Première parution le 25.04.2012
L’itinéraire qu’elle nous a fait parvenir conduit notre taxi devant la porte d’entrée de son coquet petit immeuble résidentiel, quartier de Saint-Cloud, où elle occupe tout le rez-de-chaussée. A trois mois de ses 80 printemps, Geneviève de Fontenay est toujours aussi précise, rigoureuse. Militaire, diront certains. A tort. Le large sourire qui éclaire son visage soigneusement maquillé et la prévenance avec laquelle elle nous installe au salon démentent d’emblée cette considération martiale. Tirée à quatre épingles, son légendaire chapeau scientifiquement posé sur la tête, celle qui a régné sur 53 éditions de Miss France avant de créer Miss Prestige national, à la suite de son différend avec Endemol, nouveau propriétaire du label Miss France, en 2010, s’installe face à nous dans l’un des fauteuils style Empire. «J’aime les vieux meubles. Ce sont des antiquités. Comme moi, ils prennent de la valeur avec le temps.» Le ton, tantôt badin, tantôt sévère, mais toujours courtois, est donné.
- Sauf revirement, le concours Miss Suisse n’aura pas lieu en 2012 et peut-être même plus jamais. Sans le soutien de la télévision, il manque 300 000 francs (250 000 euros) pour l’organiser. Alors, forcément, on pense à vous…
- Vous êtes gentils, mais ce n’est pas mon problème. J’ai suffisamment à faire chez moi pour ne pas me dissiper. Et puis, avec mes 40 000 euros de budget, les Suisses rigoleraient. 250 000 euros, vous vous rendez compte? C’est monstrueux!
- Ça vous surprend?
- Non, ça me sidère! Moi qui démontre qu’on peut organiser un concours presque sans argent, je me demande ce qu’ils font avec tout ça. Certes, je ne gagne pas un euro sur l’opération, mais au moins mon concours existe. Et sans télévision. En 2011, nous avons dépassé le million de votes sur l’internet.
- Comment fonctionne Miss Prestige national?
- J’investis personnellement 40 000 euros que j’essaie de récupérer durant l’année par mes prestations, à coups de 1000 ou 2000 euros. Parallèlement, je réduis les dépenses au minimum: je conduis la voiture, je couds les robes, je me bats pour obtenir gratuitement les tissus, les chaussures, etc. Au bout du compte, je réalise une opération blanche, ce qui n’est déjà pas mal.
- C’est la recette que vous donneriez aux Suisses?

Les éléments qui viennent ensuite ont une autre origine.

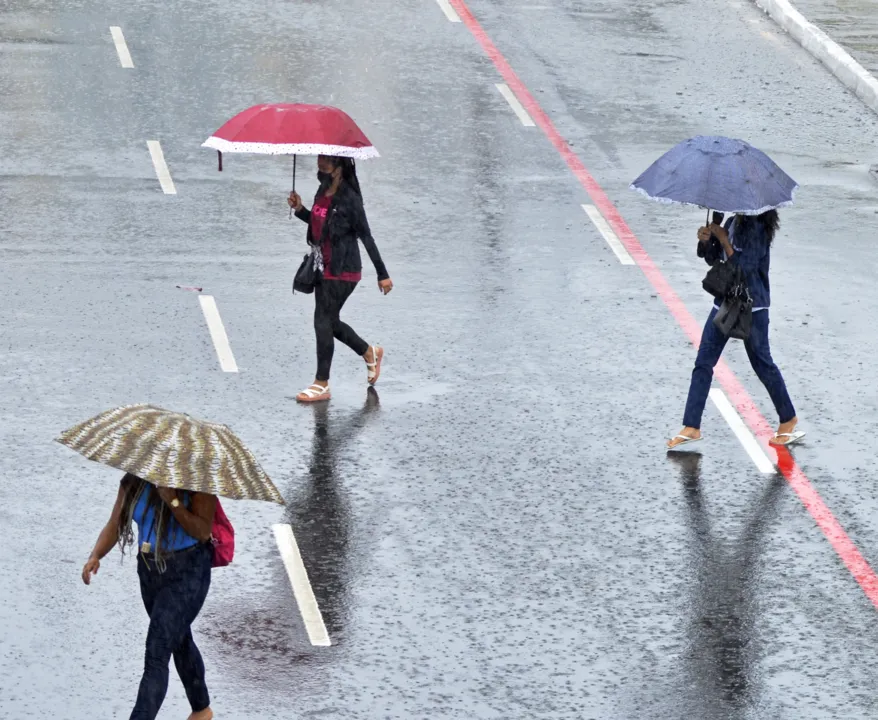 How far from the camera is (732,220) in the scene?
12.2 metres

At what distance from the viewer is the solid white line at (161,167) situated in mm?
17272

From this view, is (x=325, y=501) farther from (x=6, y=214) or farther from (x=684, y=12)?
(x=684, y=12)

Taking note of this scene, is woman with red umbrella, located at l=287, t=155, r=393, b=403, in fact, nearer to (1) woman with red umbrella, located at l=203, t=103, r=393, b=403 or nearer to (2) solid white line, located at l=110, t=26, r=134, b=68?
(1) woman with red umbrella, located at l=203, t=103, r=393, b=403

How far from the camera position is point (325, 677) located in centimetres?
906

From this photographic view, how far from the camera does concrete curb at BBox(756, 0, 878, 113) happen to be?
2133 cm

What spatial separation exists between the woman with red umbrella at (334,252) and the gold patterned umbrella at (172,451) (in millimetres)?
5067

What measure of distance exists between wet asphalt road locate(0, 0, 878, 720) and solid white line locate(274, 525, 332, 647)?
7 cm

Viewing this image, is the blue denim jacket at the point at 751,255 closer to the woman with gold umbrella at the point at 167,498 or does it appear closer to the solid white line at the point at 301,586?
the solid white line at the point at 301,586

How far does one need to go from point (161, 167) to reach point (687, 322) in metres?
5.71

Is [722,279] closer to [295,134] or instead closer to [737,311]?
[737,311]

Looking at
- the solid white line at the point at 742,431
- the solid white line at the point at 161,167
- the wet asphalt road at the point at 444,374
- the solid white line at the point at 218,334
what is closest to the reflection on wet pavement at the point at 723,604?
the wet asphalt road at the point at 444,374

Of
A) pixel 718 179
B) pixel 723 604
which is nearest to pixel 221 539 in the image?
pixel 723 604

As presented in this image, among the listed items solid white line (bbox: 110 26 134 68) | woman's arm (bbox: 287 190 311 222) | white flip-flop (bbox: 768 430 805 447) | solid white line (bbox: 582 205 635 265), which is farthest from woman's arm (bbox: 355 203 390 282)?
solid white line (bbox: 110 26 134 68)

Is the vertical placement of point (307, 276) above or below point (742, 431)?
above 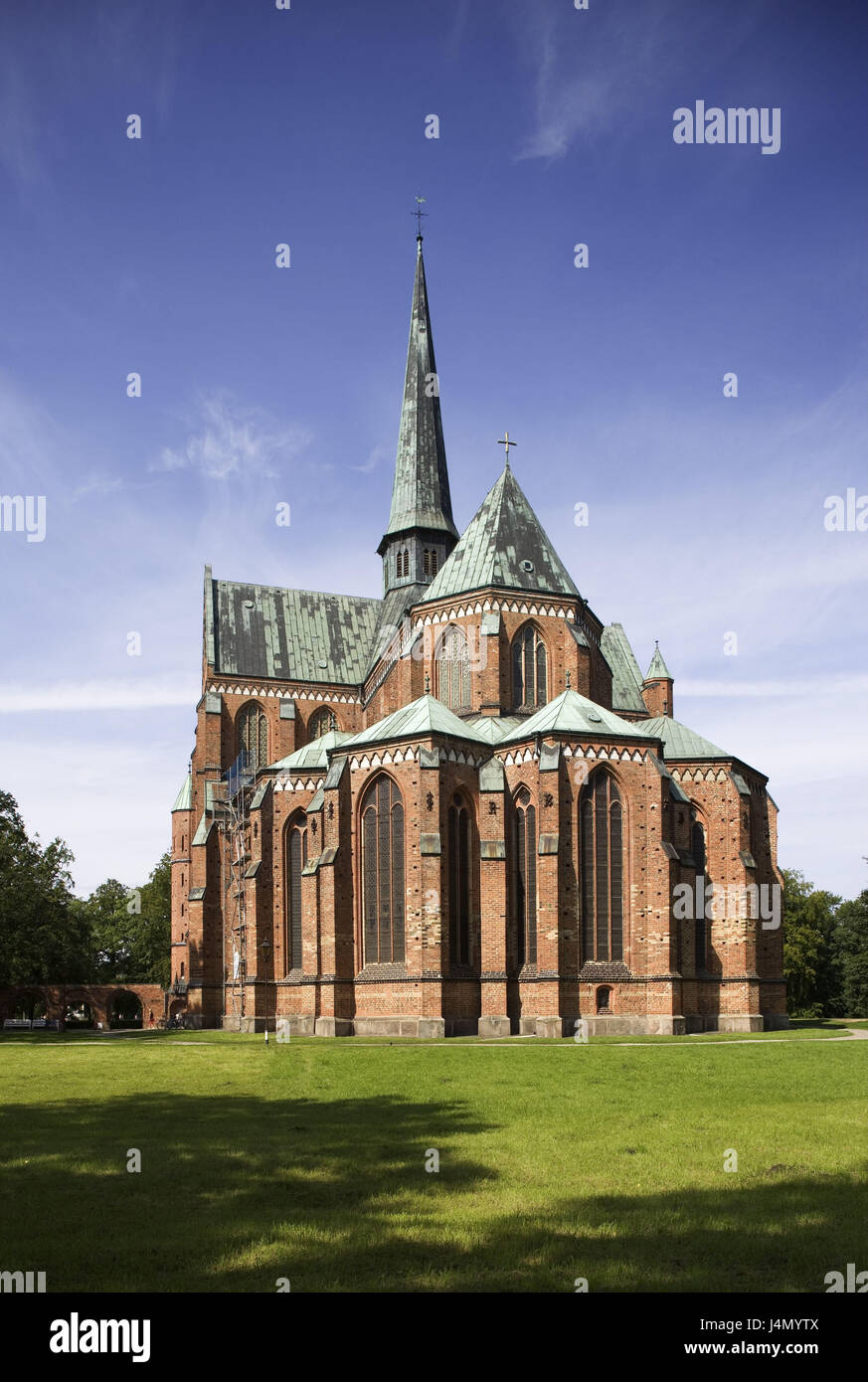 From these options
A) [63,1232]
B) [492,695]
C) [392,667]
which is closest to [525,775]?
[492,695]

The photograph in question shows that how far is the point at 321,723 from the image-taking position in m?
66.6

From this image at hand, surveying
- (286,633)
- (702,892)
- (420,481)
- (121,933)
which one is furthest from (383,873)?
(121,933)

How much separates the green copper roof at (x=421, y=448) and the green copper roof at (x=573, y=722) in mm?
22035

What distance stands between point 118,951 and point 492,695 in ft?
180

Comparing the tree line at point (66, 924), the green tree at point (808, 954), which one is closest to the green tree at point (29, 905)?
the tree line at point (66, 924)

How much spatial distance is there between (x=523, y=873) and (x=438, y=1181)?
31768 mm

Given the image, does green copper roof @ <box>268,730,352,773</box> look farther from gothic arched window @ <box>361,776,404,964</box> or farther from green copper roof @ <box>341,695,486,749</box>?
gothic arched window @ <box>361,776,404,964</box>

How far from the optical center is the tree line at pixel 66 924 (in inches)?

- Il n’y a pas de recette miracle. C’est un comportement, une façon de vivre. Mon capital, c’est mon image. Je suis fidèle à des valeurs depuis cinquante-cinq ans, auxquelles beaucoup s’identifient et qui incitent les gens à me suivre. L’image d’une miss française est scotchée au nom de De Fontenay. Louis, feu mon compagnon, a organisé sa première élection en 1947. Toute cette tradition n’est pas transposable en Suisse. Le seul conseil que je peux donner aux jeunes Suissesses est de prendre la nationalité française. (Rire.)
- Ces concours ne sont-ils pas tout simplement devenus désuets? A l’évidence, il ne font plus rêver les jeunes filles…

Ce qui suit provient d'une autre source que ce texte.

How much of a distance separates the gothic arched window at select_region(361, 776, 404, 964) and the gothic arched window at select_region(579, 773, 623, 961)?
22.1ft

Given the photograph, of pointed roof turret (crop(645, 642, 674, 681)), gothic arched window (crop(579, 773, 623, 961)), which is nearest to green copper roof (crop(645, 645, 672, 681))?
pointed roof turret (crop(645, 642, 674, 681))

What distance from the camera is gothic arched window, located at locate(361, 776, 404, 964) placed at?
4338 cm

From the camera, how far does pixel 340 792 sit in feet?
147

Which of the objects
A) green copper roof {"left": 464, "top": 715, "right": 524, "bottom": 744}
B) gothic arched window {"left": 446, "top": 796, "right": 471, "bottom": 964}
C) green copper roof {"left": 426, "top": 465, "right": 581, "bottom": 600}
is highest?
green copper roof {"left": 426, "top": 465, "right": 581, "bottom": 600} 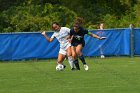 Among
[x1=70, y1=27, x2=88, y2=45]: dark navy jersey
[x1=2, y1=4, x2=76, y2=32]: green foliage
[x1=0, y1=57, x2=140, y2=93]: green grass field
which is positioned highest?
[x1=70, y1=27, x2=88, y2=45]: dark navy jersey

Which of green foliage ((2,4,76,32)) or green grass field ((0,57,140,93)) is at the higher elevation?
green grass field ((0,57,140,93))

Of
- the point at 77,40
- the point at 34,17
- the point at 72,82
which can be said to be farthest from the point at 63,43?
the point at 34,17

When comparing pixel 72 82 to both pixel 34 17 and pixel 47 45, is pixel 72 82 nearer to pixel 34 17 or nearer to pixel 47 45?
pixel 47 45

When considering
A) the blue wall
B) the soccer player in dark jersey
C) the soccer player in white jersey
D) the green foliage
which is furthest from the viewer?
the green foliage

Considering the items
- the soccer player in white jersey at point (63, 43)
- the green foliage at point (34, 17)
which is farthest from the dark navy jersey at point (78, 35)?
the green foliage at point (34, 17)

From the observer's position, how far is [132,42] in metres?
26.7

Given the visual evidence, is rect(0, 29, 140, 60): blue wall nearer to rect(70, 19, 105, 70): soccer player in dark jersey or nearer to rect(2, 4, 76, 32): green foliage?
rect(70, 19, 105, 70): soccer player in dark jersey

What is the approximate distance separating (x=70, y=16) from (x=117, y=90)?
26486 millimetres

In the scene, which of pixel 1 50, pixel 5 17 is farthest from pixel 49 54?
pixel 5 17

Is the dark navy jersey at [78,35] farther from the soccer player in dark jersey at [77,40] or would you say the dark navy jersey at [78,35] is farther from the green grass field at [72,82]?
the green grass field at [72,82]

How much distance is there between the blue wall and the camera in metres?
25.5

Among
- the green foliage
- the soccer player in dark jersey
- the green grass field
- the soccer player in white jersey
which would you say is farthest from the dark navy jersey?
the green foliage

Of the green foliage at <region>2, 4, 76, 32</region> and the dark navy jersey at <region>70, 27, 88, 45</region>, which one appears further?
the green foliage at <region>2, 4, 76, 32</region>

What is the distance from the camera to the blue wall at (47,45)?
83.6 ft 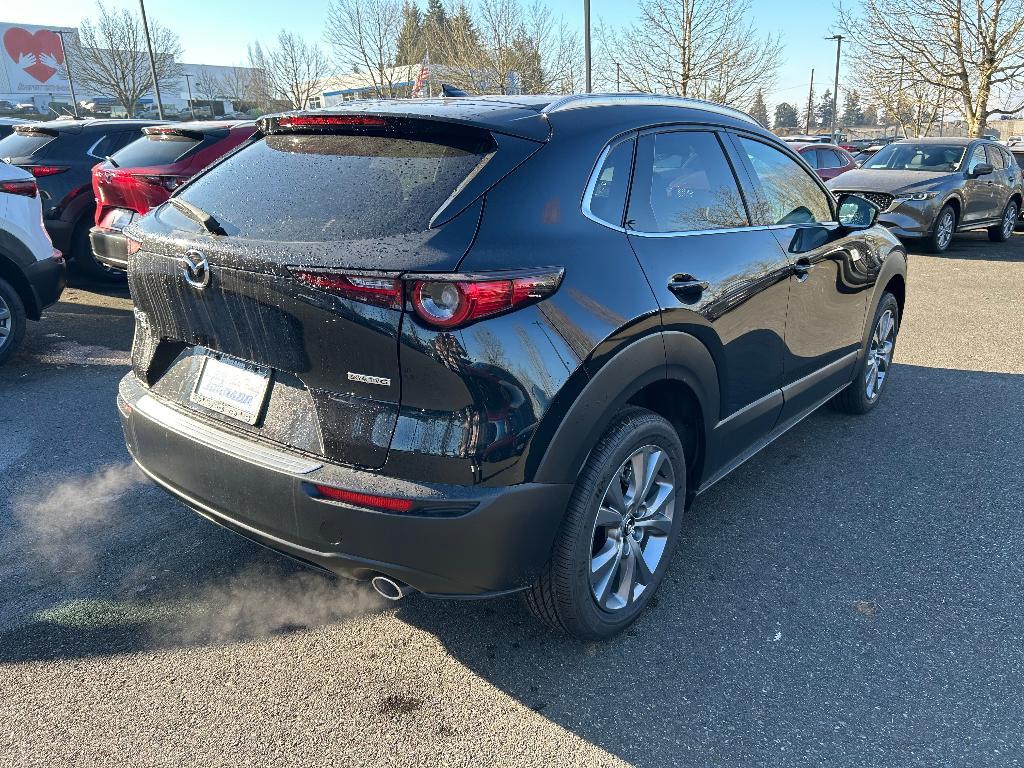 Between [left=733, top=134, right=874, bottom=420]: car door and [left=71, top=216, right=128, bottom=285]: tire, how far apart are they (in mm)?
6534

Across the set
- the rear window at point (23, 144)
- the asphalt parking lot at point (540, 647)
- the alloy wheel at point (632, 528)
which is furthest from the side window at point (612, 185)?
the rear window at point (23, 144)

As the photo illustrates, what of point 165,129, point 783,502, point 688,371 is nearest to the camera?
point 688,371

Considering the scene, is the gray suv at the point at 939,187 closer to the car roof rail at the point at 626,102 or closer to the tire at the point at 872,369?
the tire at the point at 872,369

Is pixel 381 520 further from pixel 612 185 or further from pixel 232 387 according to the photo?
pixel 612 185

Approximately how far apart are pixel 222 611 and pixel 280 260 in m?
1.44

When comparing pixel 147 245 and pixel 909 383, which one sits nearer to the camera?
pixel 147 245

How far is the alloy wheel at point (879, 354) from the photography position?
4.80 m

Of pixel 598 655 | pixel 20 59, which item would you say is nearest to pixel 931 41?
pixel 598 655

- C’est un avis. Nous, notre univers, c’est la France rurale, pas la France people des filles qui se dandinent à Saint-Trop’ à moitié nues au bras des milliardaires. Notre succès n’est pas proportionnel aux millions qu’on injecte. On le cultive dans le terroir, le folklore, les traditions. Et ça marche. Nous ne constatons aucune lassitude. Ni du public, ni côté candidates.
- Ce qui n’empêche pas de faire évoluer ce concept dépassé d’exposer des filles telles des potiches…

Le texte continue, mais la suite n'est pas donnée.